Al Niño podemos hallarlo fajado en pañales o completamente desnudo. El hecho de
fajarlo tendría que ver con dos hechos.
Por un lado respondería a la costumbre de vendar a los recién nacidos por espacio de cuarenta días a fin de proteger su frágil cuerpo de fracturas y golpes.

Por otro lado, el deseo de establecer un paralelismo entre el nacimiento y la muerte de Cristo, de modo que el Niño fajado se pone en paralelo con Cristo amortajado, cuando el pesebre en que éste asienta se transforma en un sepulcro.

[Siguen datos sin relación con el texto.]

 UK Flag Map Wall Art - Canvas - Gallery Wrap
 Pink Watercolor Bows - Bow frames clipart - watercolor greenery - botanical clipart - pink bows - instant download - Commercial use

Revelaciones, Santa Brigida de Suecia

Capítulo 42

“Has de saber, hija mía, dice la Virgen a la Santa, que yo no necesitaba de Purificación como las demás mujeres, porque me dejó pura y limpia mi Hijo que nació de mí, ni yo tampoco adquirí la menor mancha, porque sin ninguna impureza engendré a mi purísimo Hijo. No obstante, para que se cumpliesen la ley y las profecías, quise vivir en todo sujeta a la ley, y ni aun vivía con arreglo a la posición de mis padres, sino que hablaba humildemente con los humildes, y no quise ser preferida en nada, sino que amaba todo lo que era conforme con la humildad.

Tal día como hoy se aumentó mi dolor, pues, aunque por inspiración divina sabía que mi Hijo había de padecer; sin embargo, con las palabras que dijo Simeón, anunciándome que una espada atravesaría mi alma y que mi Hijo sería puesto en señal de contradicción, se atormentó más mi corazón con este dolor; y aunque se mitigaba por el consuelo que recibía del espíritu de Dios, nunca se apartó de mi corazón hasta que en cuerpo y alma subí al cielo”.

Brígida Birgersdotter, conocida como Santa Brígida de Suecia (Skederid, actual municipio de Norrtälje, Uppland, Suecia, 1303 – Roma, 23 de julio de 1373). Fue una religiosa católica, mística, escritora, y teóloga sueca. Fue declarada santa por la Iglesia Católica en 1391.